What needs to be done
Repeat exactly the lines below, from the line containing "Image de New" through the last line, both included. Leave out any pictures.

Data segment

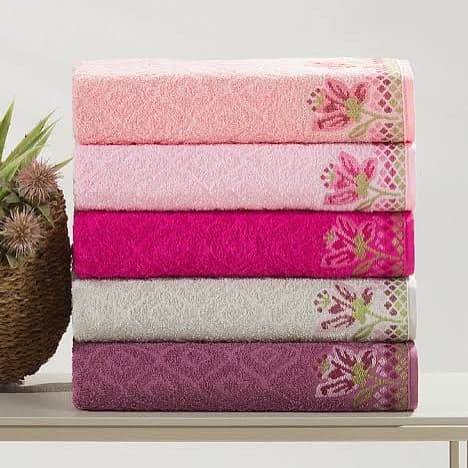 Cinco toalhas empilhadas com barrado bordado de flores, nos tons rosa, pink, cinza e roxo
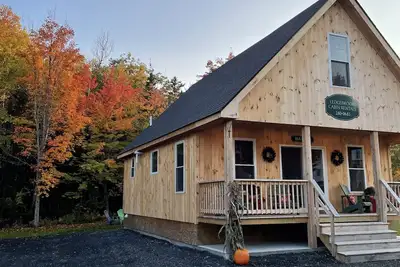 Image de New cabin/Downtown Greenville-Moosehead Lake, Me/Wifi/Dogs Ok/2 cabins available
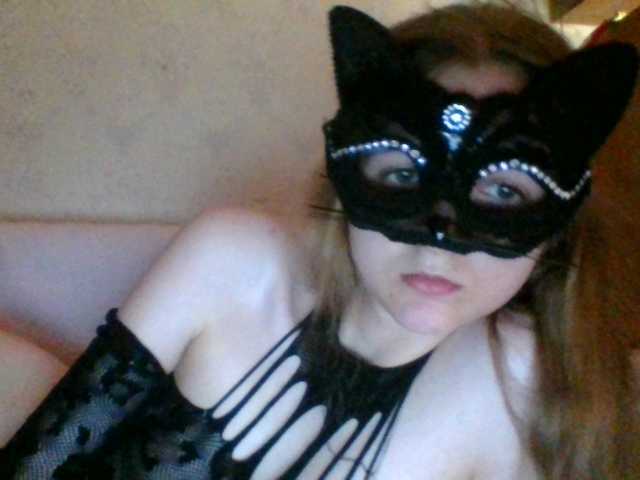 Mila23-1-1 live cam on BongaCams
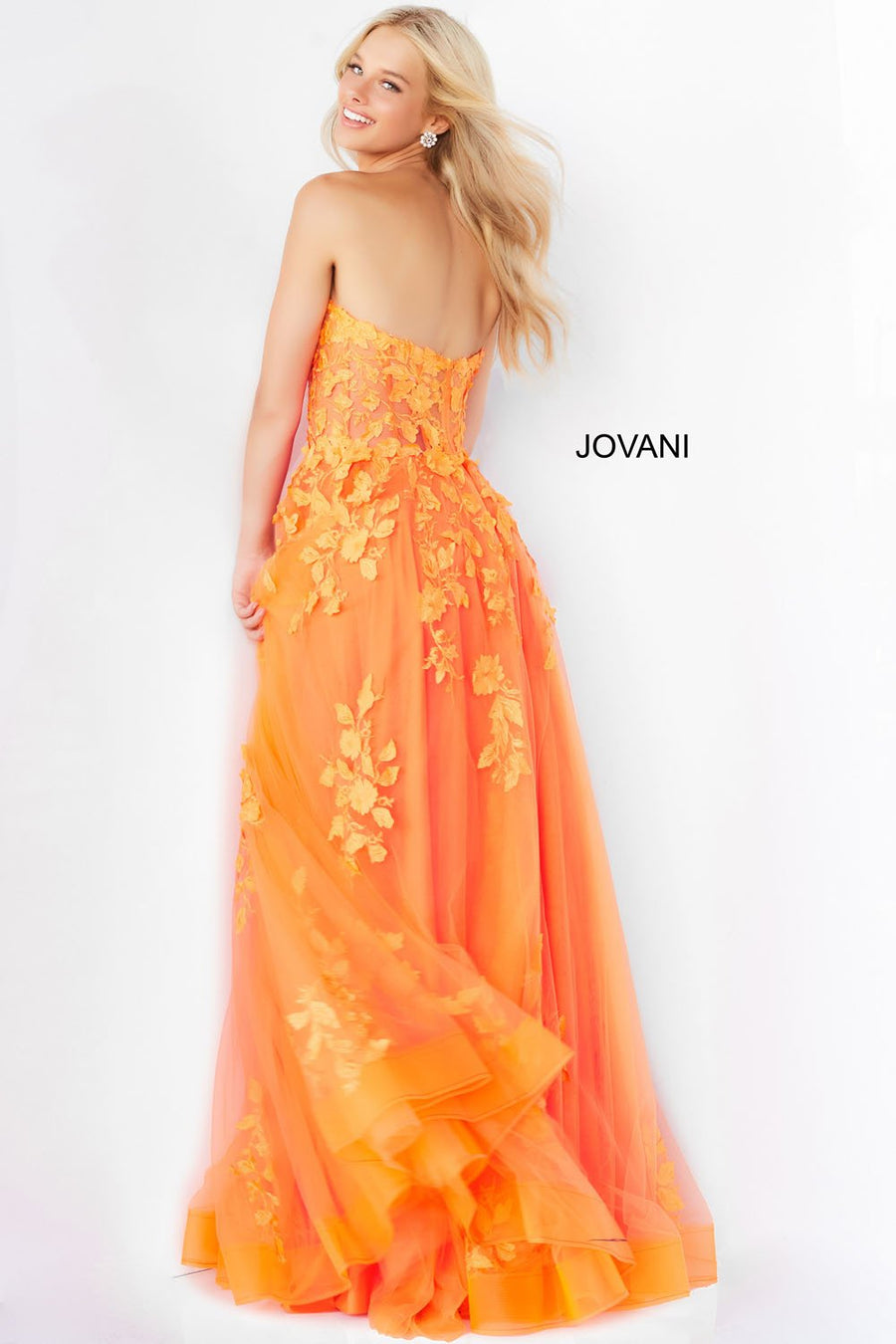 Jovani 07901 prom dress images.  Jovani style 07901 is available in these colors: Red, Orange, Black, Off White.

Exercise result
 Image de New cabin/Downtown Greenville-Moosehead Lake, Me/Wifi/Dogs Ok/2 cabins available
 Mila23-1-1 live cam on BongaCams
 Jovani 07901 prom dress images.  Jovani style 07901 is available in these colors: Red, Orange, Black, Off White.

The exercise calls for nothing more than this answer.